A few feet away runner Dimitri Awad wears a T-shirt with a picture of 8-year-old Martin Richard, the youngest victim killed in the Boston bombing. "I wanted to show the people in the U.S. that we care about what's going on. It doesn't matter if a child dies from here or the U-S or even Israel. Children are our children. So, I put on this shirt here in memory of Martin. So, I hope his family knows we care," says Dimtri Awwad, Palestinian runner.
The marathon in Bethlehem was of course planned long before what happened in Boston, but with the victims fresh on the minds of runners here they are also here to send a political message about the restrictions on Palestinians movement. This is the first international marathon in the West Bank, beginning and ending at the Church of the Nativity.
The route is a tough one, mapped out by organizers, to make a point by taking runners through some of the restrictions Palestinians face daily.

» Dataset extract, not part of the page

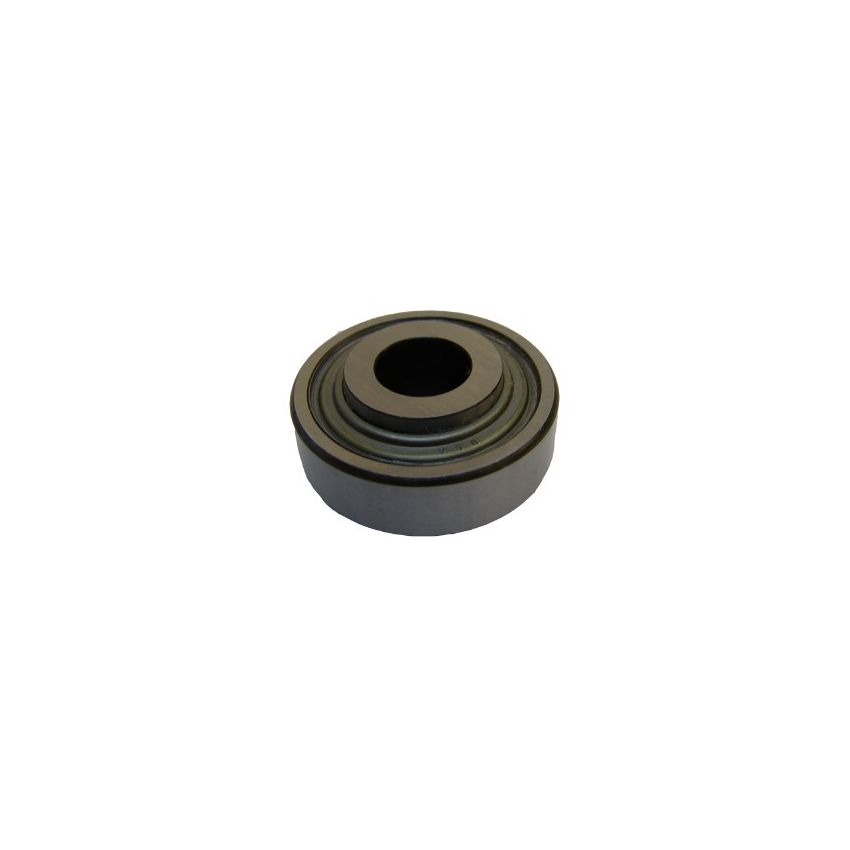 SKF 203-KRR5 SKF - Bearing - Roller Ball - Ag 203KRR5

Those running the full marathon had to run the same route twice, right past the massive wall that snakes through parts of the West Bank and cuts off access. Israel says the wall has successfully helped stop terror attacks from the West Bank.
And the restriction on Palestinians are for security reasons. But Palestinian officials and some runners accuse Israel of being blatantly unfair in the name of security. This year Israel refused to let 26 runners from Gaza, including an Olympic athlete, into the West Bank for the marathon saying they did not meet Israel's criteria for movement between the two areas.
At least two rockets have been fired from Gaza into Israel this year, but organizers say Palestinian athletes shouldn't be punished for the actions of others.
"I think it's the time now to punish the Israelis to ask the Israelis to stop their crazy racist measure and procedures against the Palestinian sports family," says Jabril Rajoub, Palestinian Olympic Committee.
Israel says the procedures are not racist or crazy, but based on making sure Israel is safe. Palestinian runner, Abdul Nasser Awajneh won the marathon, but laments his fellow runners from Gaza couldn't participate. Marathons in this part of the world can rarely avoid running into politics.